Task prompt
Retype the records below from their first line through the line containing "Chambres d'hôtes de", and include nothing else.

Supplied entries
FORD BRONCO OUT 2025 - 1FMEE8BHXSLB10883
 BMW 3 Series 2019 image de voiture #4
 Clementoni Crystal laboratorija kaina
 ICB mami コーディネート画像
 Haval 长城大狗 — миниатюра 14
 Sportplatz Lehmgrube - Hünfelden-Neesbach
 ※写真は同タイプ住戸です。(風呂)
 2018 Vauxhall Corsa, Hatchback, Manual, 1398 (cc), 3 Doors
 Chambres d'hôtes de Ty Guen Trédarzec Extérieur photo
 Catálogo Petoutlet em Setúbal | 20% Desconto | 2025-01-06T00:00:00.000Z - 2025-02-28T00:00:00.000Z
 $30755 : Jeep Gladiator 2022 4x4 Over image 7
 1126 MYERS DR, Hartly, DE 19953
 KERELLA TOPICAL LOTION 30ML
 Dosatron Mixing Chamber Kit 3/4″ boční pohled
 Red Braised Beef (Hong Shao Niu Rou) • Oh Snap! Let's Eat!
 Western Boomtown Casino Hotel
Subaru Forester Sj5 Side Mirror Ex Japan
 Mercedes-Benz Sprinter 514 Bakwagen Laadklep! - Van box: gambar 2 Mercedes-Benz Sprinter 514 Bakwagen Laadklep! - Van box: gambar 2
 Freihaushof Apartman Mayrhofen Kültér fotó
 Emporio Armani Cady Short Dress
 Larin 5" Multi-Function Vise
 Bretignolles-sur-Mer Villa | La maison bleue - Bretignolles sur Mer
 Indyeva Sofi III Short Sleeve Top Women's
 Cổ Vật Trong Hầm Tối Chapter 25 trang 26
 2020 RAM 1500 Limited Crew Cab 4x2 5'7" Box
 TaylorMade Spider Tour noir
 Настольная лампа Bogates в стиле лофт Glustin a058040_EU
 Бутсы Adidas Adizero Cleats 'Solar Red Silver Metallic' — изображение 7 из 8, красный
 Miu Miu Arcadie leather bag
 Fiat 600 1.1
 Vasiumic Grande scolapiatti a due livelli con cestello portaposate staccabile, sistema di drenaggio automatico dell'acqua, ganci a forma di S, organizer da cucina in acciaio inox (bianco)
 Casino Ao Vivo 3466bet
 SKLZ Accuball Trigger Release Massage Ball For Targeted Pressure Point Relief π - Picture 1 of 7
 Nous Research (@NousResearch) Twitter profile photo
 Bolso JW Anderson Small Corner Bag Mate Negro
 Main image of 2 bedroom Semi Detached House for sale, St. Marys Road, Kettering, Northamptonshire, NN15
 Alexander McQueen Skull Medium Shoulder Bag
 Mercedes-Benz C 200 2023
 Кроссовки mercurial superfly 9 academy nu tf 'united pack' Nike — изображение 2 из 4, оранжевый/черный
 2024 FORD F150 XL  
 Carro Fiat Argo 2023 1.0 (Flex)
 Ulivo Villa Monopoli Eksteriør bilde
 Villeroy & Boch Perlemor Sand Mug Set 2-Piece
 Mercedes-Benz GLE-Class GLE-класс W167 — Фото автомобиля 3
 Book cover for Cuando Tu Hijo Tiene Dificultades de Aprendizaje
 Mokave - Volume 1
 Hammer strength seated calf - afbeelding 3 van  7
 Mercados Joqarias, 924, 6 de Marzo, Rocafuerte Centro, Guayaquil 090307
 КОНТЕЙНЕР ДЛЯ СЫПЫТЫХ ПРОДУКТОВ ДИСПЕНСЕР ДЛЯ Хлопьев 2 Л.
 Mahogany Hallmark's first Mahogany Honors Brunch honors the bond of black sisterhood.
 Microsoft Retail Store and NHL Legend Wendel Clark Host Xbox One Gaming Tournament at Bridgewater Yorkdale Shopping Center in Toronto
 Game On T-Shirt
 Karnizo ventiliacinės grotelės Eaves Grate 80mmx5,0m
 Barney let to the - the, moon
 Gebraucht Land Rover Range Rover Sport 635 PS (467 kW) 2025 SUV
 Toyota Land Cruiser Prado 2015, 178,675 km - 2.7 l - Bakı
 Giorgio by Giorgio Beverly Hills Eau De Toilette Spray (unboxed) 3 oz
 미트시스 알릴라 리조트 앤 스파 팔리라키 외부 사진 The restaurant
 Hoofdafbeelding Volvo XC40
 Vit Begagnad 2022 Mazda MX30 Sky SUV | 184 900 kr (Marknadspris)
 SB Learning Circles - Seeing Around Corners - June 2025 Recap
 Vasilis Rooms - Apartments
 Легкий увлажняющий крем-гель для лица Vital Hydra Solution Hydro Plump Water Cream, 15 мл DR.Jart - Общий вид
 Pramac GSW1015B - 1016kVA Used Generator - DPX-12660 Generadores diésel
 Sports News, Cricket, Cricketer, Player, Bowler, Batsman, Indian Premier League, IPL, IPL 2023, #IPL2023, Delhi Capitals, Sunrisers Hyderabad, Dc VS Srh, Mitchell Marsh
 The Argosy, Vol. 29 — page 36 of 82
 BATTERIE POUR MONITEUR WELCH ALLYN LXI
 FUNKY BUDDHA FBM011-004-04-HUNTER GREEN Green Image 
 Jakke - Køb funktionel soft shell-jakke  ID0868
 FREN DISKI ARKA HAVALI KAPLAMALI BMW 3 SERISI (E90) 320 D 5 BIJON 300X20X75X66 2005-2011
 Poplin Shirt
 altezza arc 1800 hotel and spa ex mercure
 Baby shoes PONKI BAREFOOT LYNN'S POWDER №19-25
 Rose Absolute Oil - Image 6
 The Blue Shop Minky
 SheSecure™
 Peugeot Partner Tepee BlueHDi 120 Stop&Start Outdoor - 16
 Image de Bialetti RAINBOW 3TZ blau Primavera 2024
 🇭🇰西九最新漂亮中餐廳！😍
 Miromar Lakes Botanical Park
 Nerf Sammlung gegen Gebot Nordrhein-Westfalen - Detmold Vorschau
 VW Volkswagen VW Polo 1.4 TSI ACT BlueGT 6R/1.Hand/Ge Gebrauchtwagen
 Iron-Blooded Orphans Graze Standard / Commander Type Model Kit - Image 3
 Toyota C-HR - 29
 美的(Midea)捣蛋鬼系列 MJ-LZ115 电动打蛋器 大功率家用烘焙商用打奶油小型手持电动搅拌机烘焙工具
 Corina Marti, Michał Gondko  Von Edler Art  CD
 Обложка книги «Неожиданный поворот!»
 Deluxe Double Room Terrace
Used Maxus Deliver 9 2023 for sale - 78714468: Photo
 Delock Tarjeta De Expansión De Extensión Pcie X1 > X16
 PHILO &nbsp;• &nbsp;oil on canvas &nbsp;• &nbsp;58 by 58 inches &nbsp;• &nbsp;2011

Answer for the task
FORD BRONCO OUT 2025 - 1FMEE8BHXSLB10883
 BMW 3 Series 2019 image de voiture #4
 Clementoni Crystal laboratorija kaina
 ICB mami コーディネート画像
 Haval 长城大狗 — миниатюра 14
 Sportplatz Lehmgrube - Hünfelden-Neesbach
 ※写真は同タイプ住戸です。(風呂)
 2018 Vauxhall Corsa, Hatchback, Manual, 1398 (cc), 3 Doors
 Chambres d'hôtes de Ty Guen Trédarzec Extérieur photo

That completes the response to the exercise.